Mycoplasma hyopneumoniae is a primary colonising agent and economically-devastating porcine respiratory pathogen that is controlled by partially-effective bacterin vaccine formulations and widespread antibiotic therapy. Adherence and colonisation is in part mediated by the P97 and P102 adhesin families that directly interact with the host extracellular matrix, via glycosaminoglycans, fibronectin and the fibrinolytic protein, plasminogen. Post-translational proteolytic cleavage is essential to the production of functional, mature proteoforms on the surface of this ubiquitous pathogen. We aim to determine whether proteolytic cleavage is restricted to the adhesin families using a high-throughput, proteome-wide methodology.

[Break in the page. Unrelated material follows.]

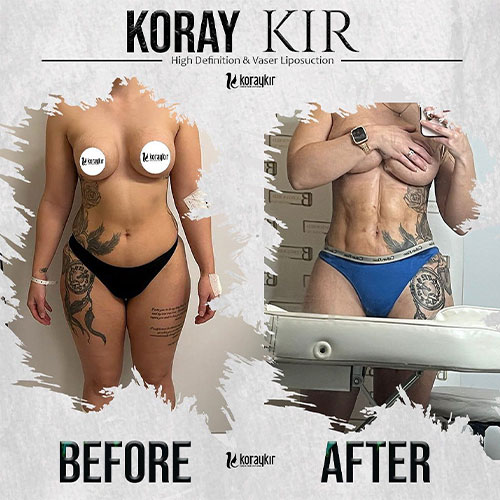 before-after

Using protein dimethyl labelling, reversed-charge enrichment of N-termini and ‘shotgun’ mass spectrometry, the N-terminal sequences of mature M. hyopneumoniae proteins were characterised. Our data interrogated protein start sites and identified the precise location of protein cleavage in functionally diverse proteins. These data were combined with surfaceome studies, affinity chromatography using diverse host molecules as bait and mass mapping by SDS-PAGE to confirm the existence of proteoforms and to investigate their putative functions.

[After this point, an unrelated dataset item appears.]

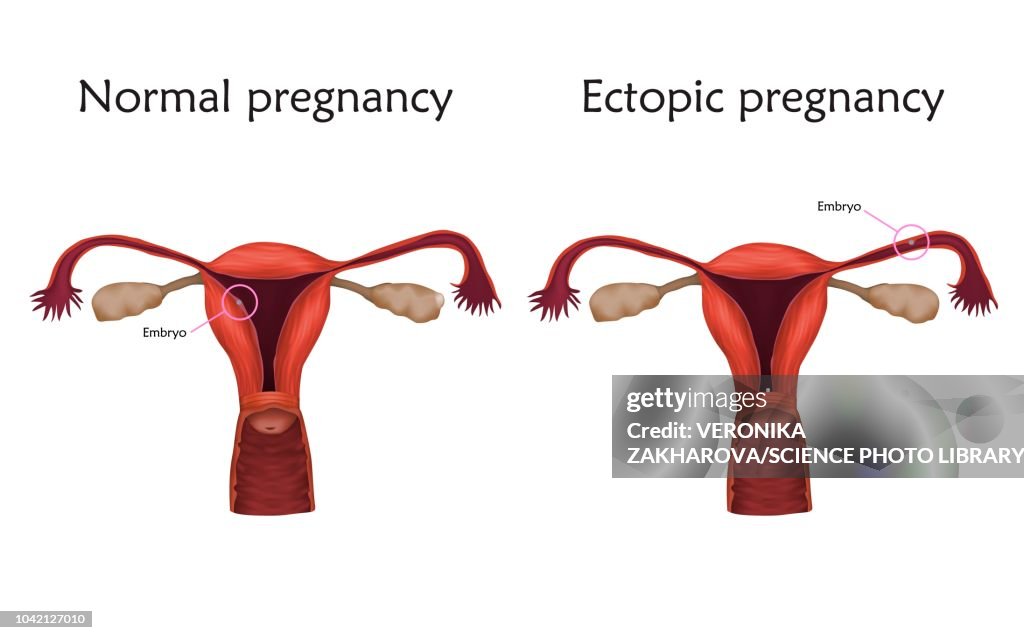 Ectopic pregnancy, illustration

Our approach confirmed the existence of multiple cleavage events, previously characterised in the adhesin families, validating our approach. Additionally, we identified internal cleavage events in lipoprotein families and proteins with well-studied canonical functions in the cytosol. The majority of the proteins targeted by endoproteolysis were identified in our surfaceome studies. Furthermore, our chromatography studies suggest that these proteins are multifunctional, with implications for the function of moonlighting proteins on the surface of M. hyopneumoniae. Consistent with this hypothesis, homologues of these ‘moonlighting’ proteins have been identified as virulence factors in other pathogenic bacteria but the data reported here is the first description of them being targets of endoproteolysis. The sequence motifs associated with the characterised cleavage events in this study are similar to those already described in studies of the adhesin families suggesting that the same protease(s) process functionally-diverse proteins on the cell surface. These observations have widespread ramifications for microbial pathogenesis and vaccine design.